Consors has reported a 24% rise in share trading for Q4.
To put it mildly, the online investments market was unprofitable last year. Indeed, for many online investment providers it was a catastrophic year and the current market scene does not promise a quick recovery. Online brokers such as Schwab Europe, Comdirect and DAB posted losses for 2001. Strong competitors such as Comdirect are reportedly trying to get rid of their unprofitable business units.
Schmidtbank, meanwhile, put its online broking unit Consors up for sale in November 2001. The main driver was the parent bank’s financial crisis, although poor results from Consors’ first three quarters were also a factor.

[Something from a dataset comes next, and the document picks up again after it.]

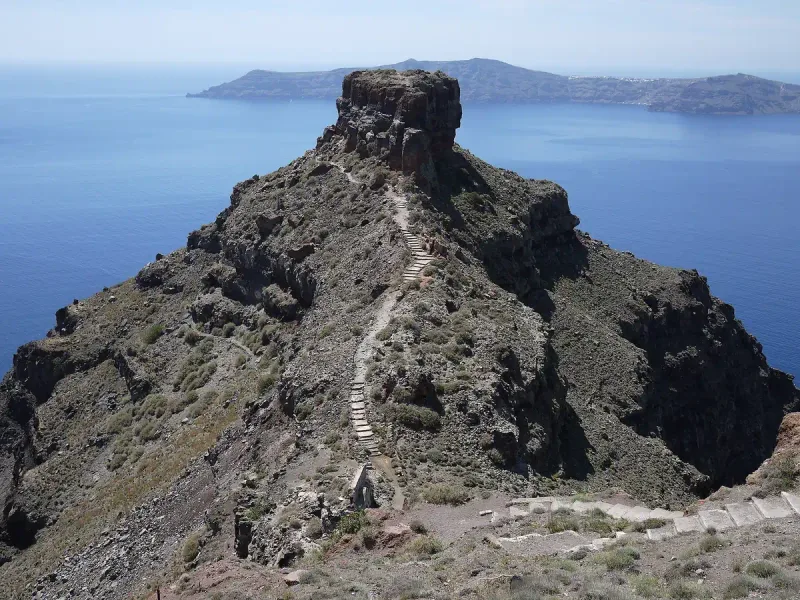 A jagged volcanic headland jutting into deep blue sea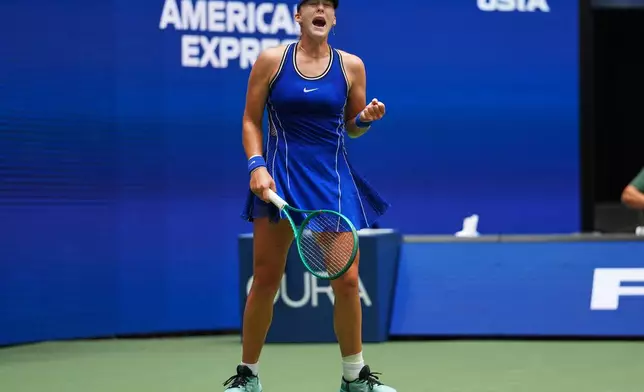 Mirra Andreeva, of Russia, reacts during a match against Coco Gauff, of the United States, during the quarterfinal round of the U.S. Open tennis championships, Wednesday, Sept. 9, 2026, in New York. (AP Photo/Kirsty Wigglesworth)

Since then, it has shown signs of recovery: share trading was up by 24% in Q4, bettering the 12% rise achieved by rival DAB. The number of executed trades rose to 1.7 million in Q4 from 1.39 million in Q3. These upbeat figures are likely to help in attracting potential buyers. But is Consors a good buy in the long term?
Without doubt, the sale of Consors will create a dominant player in the market. The company holds the second position in terms of customers in the German market, as well as having a strong presence in a number of European countries. Its likely buyer will be a strong company with big pockets that has displayed the ability to survive in the negative current online investment environment. The buyer would gain an instant competitive advantage in the market.
Consors is up for sale because of its parent’s failings, not because of its individual performance. As a result, a prospective buyer who is strong enough to absorb the downturn in the market will be favourably positioned to take advantage of any stock market upturn.